A complete response lists each line of the data below that includes the word "front".

> **Provided records**
»»
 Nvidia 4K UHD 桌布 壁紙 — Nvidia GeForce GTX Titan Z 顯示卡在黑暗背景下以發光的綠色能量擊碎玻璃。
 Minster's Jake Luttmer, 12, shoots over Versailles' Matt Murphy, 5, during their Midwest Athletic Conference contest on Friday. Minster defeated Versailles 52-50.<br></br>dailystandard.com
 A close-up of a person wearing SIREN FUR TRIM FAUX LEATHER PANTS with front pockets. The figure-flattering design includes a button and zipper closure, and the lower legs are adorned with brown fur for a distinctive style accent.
««
»»
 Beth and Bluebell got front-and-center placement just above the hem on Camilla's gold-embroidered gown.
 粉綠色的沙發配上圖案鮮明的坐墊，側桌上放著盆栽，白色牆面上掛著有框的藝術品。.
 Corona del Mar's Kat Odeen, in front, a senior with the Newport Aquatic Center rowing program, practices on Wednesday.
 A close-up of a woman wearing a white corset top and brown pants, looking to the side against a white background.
««
»»
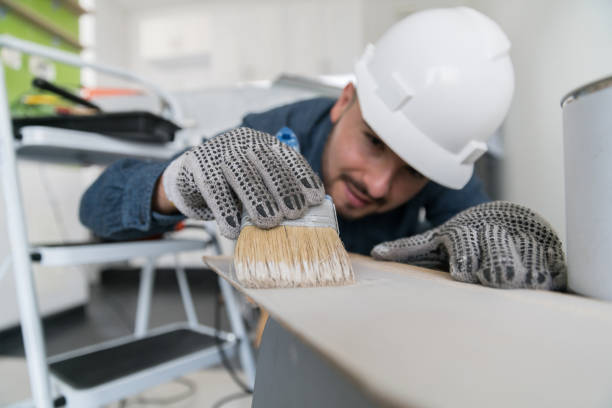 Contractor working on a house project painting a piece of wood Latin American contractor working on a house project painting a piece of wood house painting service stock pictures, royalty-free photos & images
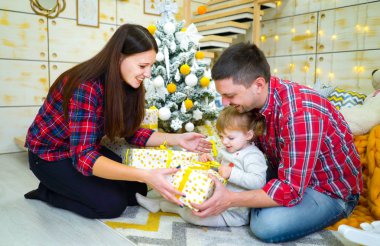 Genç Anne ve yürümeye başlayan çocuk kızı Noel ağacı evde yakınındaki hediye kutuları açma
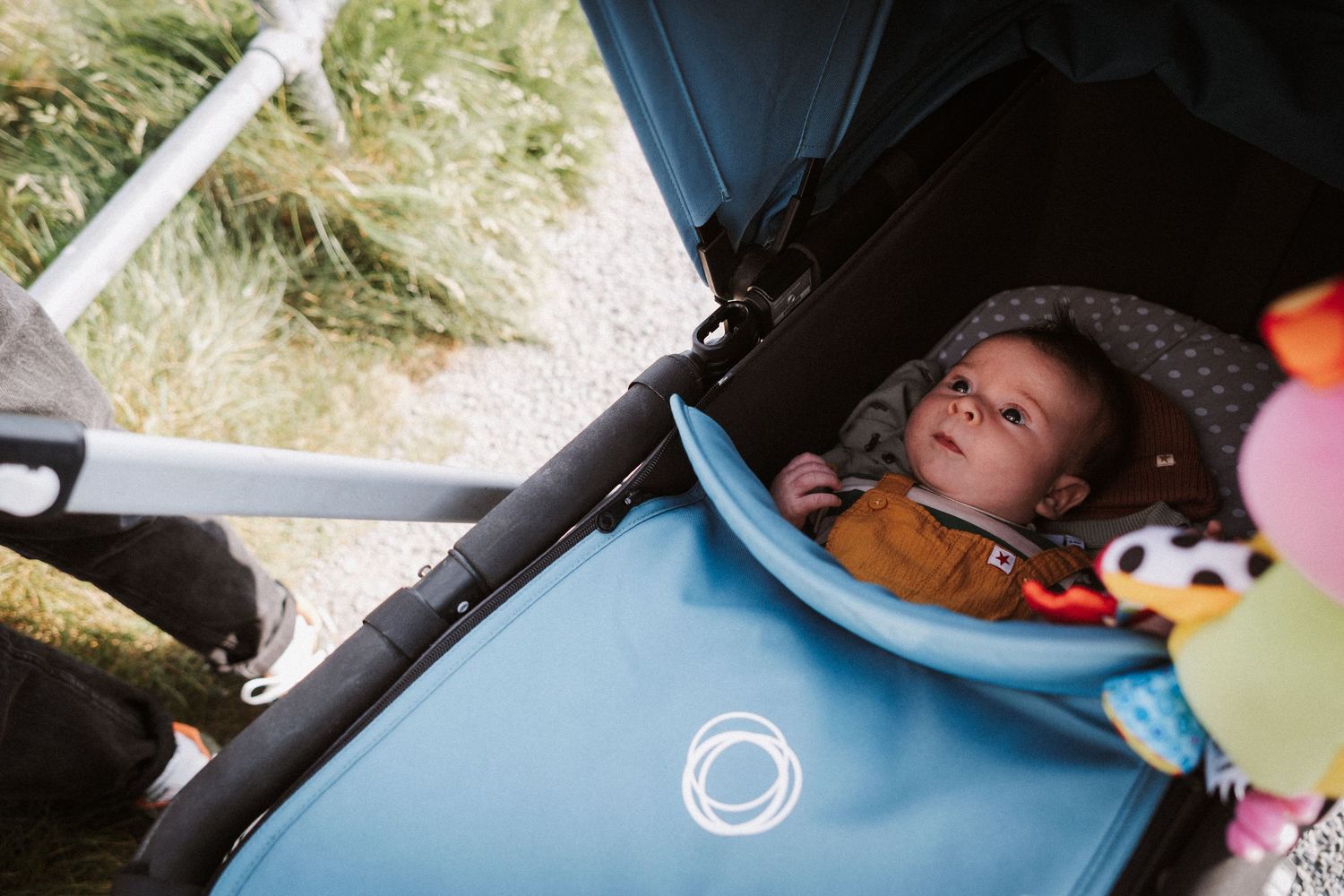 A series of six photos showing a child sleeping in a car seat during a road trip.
««
> **Task response**
 A close-up of a person wearing SIREN FUR TRIM FAUX LEATHER PANTS with front pockets. The figure-flattering design includes a button and zipper closure, and the lower legs are adorned with brown fur for a distinctive style accent.
 Beth and Bluebell got front-and-center placement just above the hem on Camilla's gold-embroidered gown.
 Corona del Mar's Kat Odeen, in front, a senior with the Newport Aquatic Center rowing program, practices on Wednesday.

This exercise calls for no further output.